Respondents filed a Complaint for damages, alleging that the acts of petitioner
constituted dishonesty, bad faith, gross negligence, fraud, and unfair competition in
commercial enterprise. Petitioner denied the allegations. It maintained that it had
obtained a list of clients through surveys, and that promotional activities or developmental
strategies were implemented only after the expiration of the Agreements. It opined that
the filing of the complaint was a mere ploy resorted to by respondents to evade the
payment of the deliveries. The RTC held petitioner liable for damages for abuse of rights
in violation of Articles 19, 20, and 21 of the Civil Code and for unfair competition under
Article 28. Its officers were, however, absolved of liability, as there was no showing that
they had acted in their individual and personal capacities. CA affirmed the decision in
toto.
ISSUE:
Whether or not petitioner violated Articles 19, 20, 21, or 28 of the Civil Code
HELD:
Yes. The Court affirms the decision of CA. Both the RTC and the CA found that petitioner
had employed oppressive and high-handed schemes to unjustly limit the market coverage
and diminish the investment returns of respondents.

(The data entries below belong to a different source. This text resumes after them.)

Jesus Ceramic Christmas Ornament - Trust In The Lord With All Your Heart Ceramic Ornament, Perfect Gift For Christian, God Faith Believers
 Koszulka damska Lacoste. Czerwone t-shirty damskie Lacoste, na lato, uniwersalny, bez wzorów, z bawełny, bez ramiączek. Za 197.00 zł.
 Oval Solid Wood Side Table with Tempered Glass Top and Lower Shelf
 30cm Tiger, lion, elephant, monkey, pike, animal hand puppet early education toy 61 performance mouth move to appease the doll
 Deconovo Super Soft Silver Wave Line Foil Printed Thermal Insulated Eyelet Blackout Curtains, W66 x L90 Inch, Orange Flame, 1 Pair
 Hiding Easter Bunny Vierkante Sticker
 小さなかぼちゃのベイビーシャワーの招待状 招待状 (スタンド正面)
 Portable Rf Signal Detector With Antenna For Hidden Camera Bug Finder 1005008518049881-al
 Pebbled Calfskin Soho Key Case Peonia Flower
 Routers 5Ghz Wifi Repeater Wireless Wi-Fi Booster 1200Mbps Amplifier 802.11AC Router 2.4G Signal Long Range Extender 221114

This cut-throat competition is precisely what appellant did in order to take over the market:
directly sell its products to or deal them off to competing stores at a price substantially
lower than those imposed on its wholesalers. As a result, the wholesalers suffered losses,
and in respondents' case, laid of a number of employees and alienated the patronage of
its major customers including small-scale stores.
Articles 19, 20, and 21 of the Civil Code provide the legal bedrock for the award of
damages to a party who suffers damage whenever another person commits an act in
violation of some legal provision; or an act which, though not constituting a transgression
of positive law, nevertheless violates certain rudimentary rights of the party aggrieved.
Meanwhile, the use of unjust, oppressive, or high-handed business methods resulting in
unfair competition also gives a right of action to the injured party. In this case, both the
RTC and the CA found that respondents had similarly suffered pecuniary loss by reason
of petitioner's high-handed machinations to eliminate competition in the market.